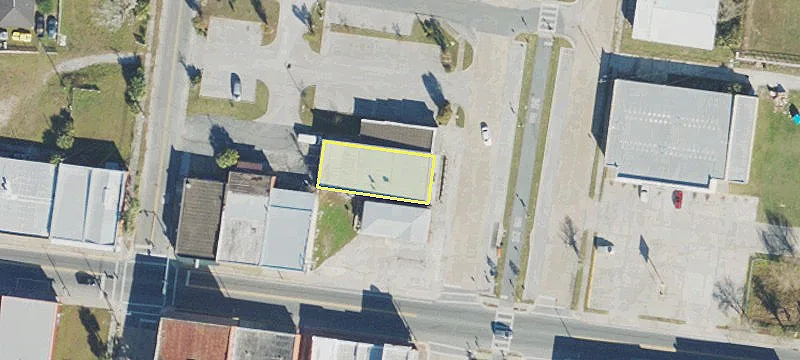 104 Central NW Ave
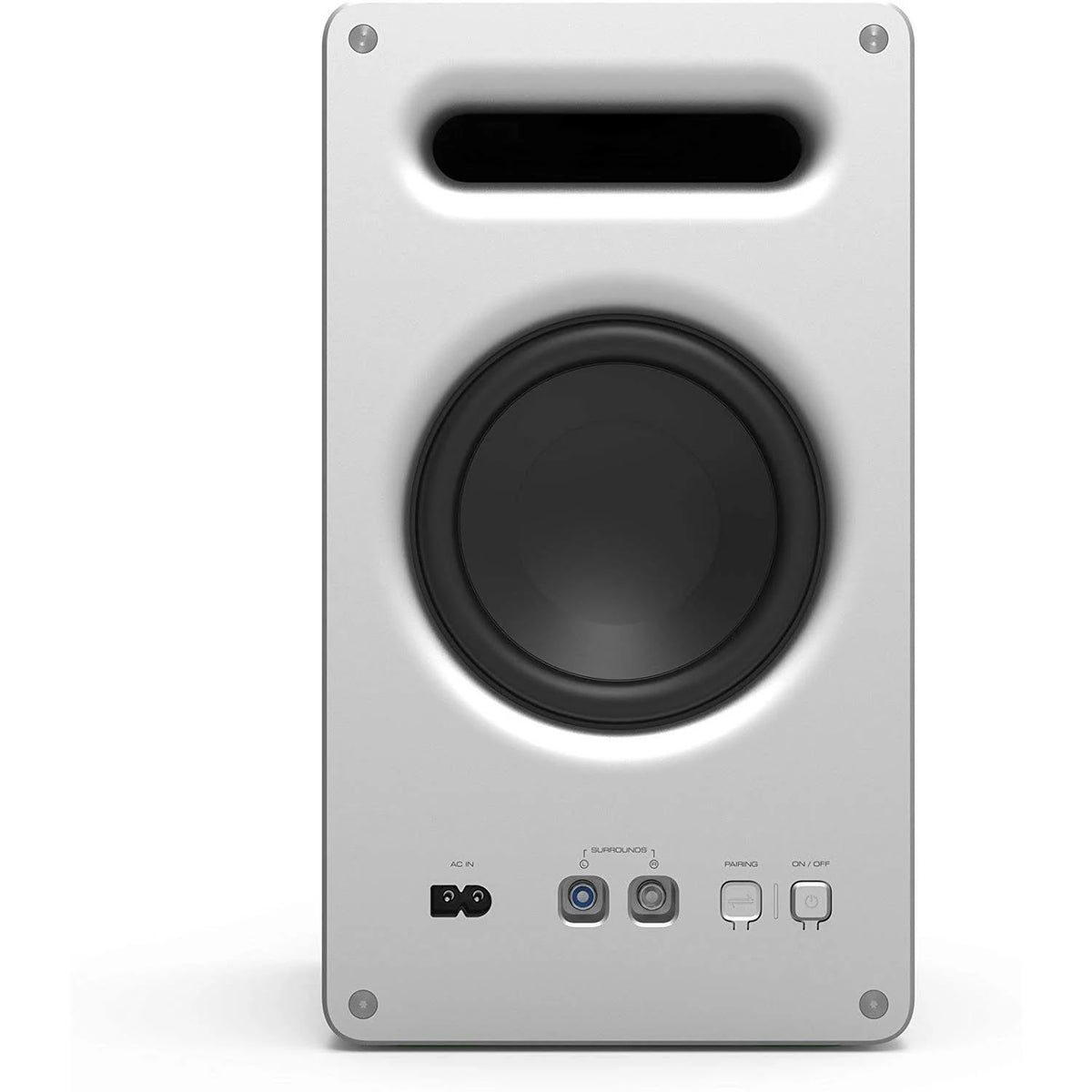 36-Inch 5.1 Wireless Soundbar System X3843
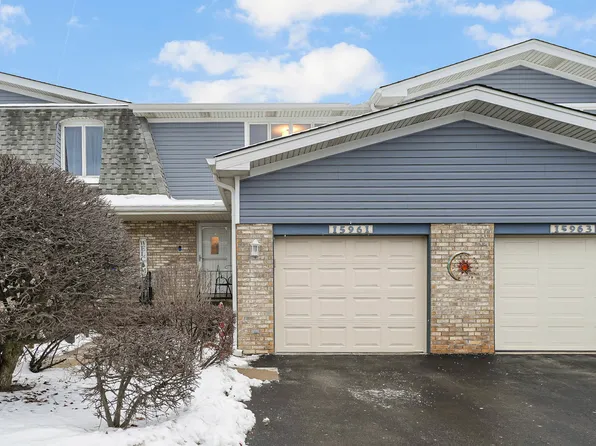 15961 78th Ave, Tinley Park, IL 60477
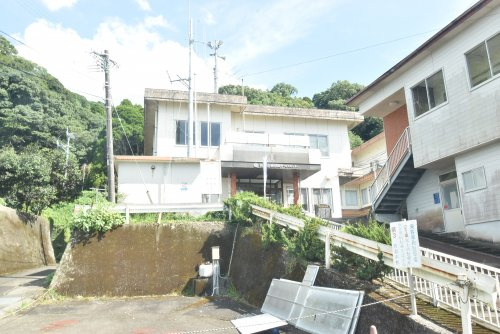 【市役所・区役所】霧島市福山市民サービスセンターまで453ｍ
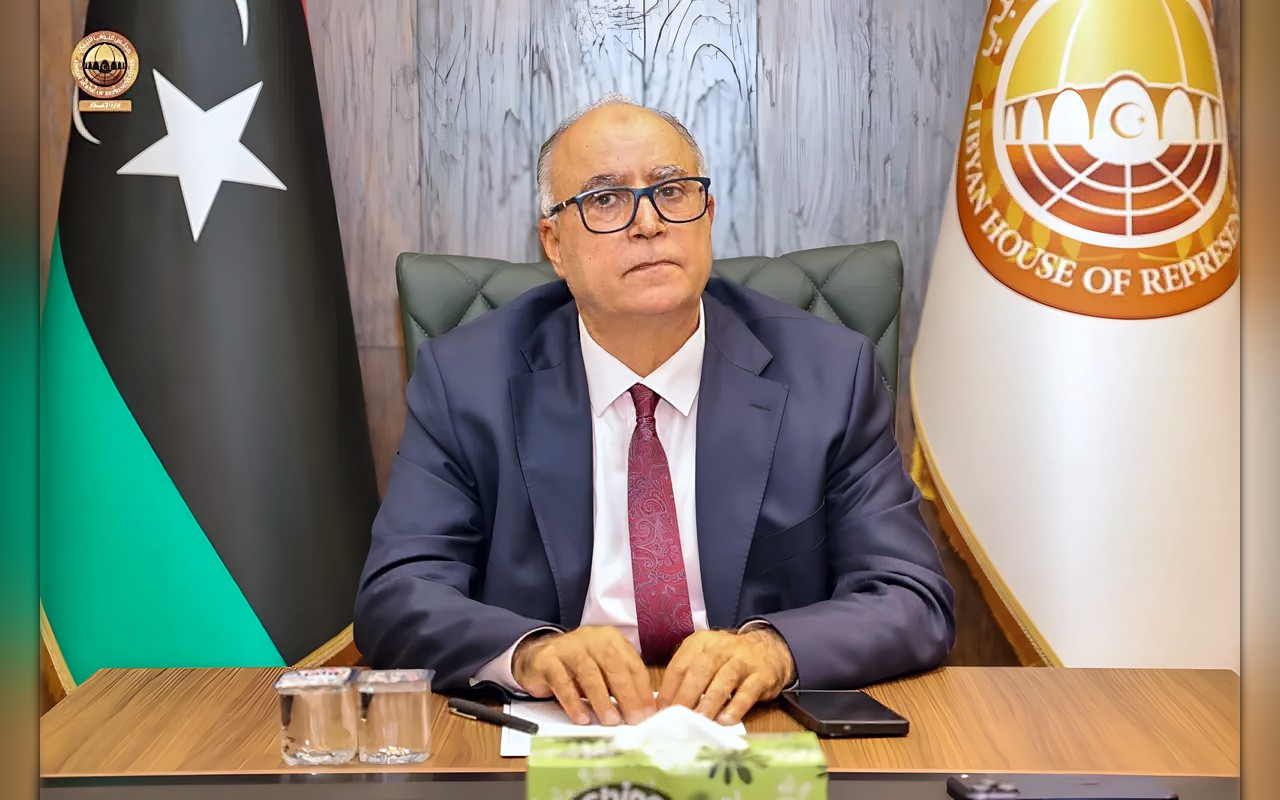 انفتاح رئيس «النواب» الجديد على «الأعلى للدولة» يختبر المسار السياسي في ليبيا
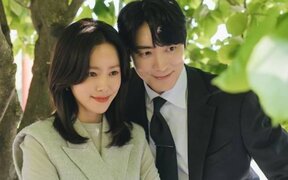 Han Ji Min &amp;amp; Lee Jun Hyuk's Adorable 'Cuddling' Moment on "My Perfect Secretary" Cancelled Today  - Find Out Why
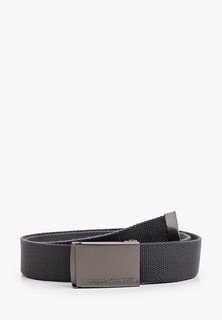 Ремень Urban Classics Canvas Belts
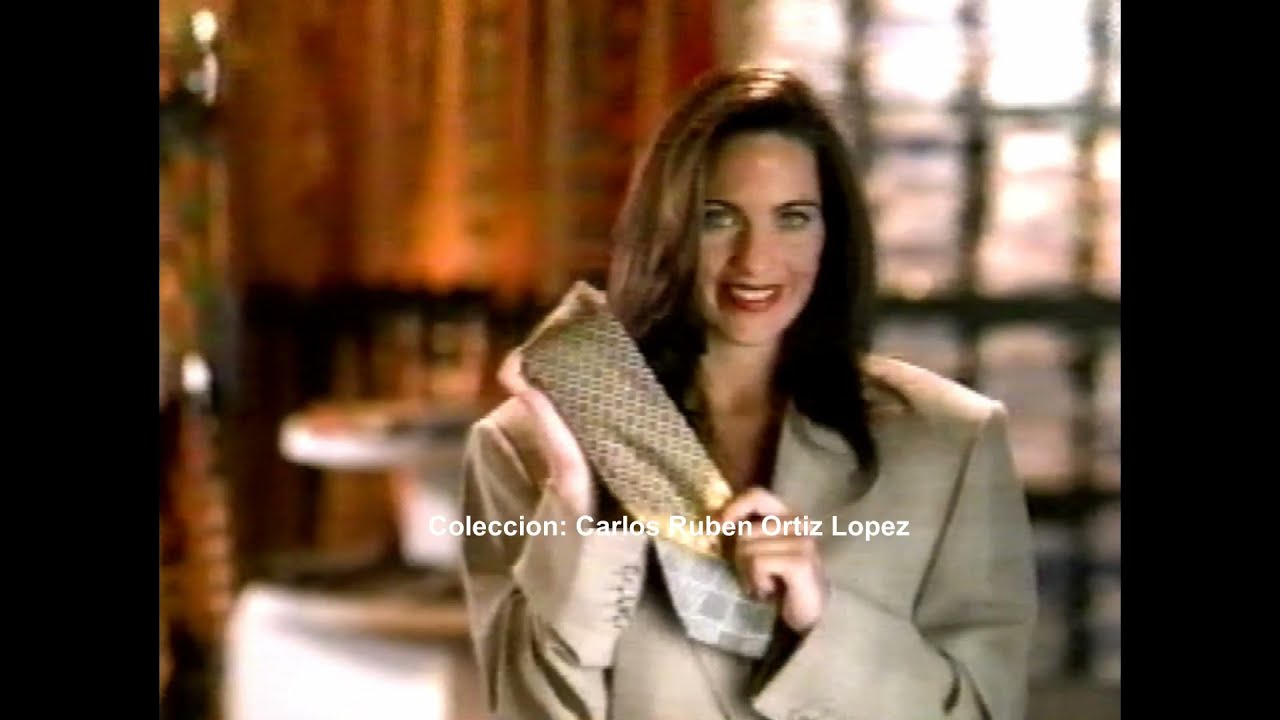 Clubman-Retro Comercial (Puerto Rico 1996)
------------------------------------------------------------------------
**Activity:** From the line that contains "15961 78th Ave, Tinley Park, IL 60477" down to the last line of the entries above, copy every line exactly and leave out the pictures.

**Solved problem:**
 15961 78th Ave, Tinley Park, IL 60477
 【市役所・区役所】霧島市福山市民サービスセンターまで453ｍ
 انفتاح رئيس «النواب» الجديد على «الأعلى للدولة» يختبر المسار السياسي في ليبيا
 Han Ji Min &amp;amp; Lee Jun Hyuk's Adorable 'Cuddling' Moment on "My Perfect Secretary" Cancelled Today  - Find Out Why
 Ремень Urban Classics Canvas Belts
 Clubman-Retro Comercial (Puerto Rico 1996)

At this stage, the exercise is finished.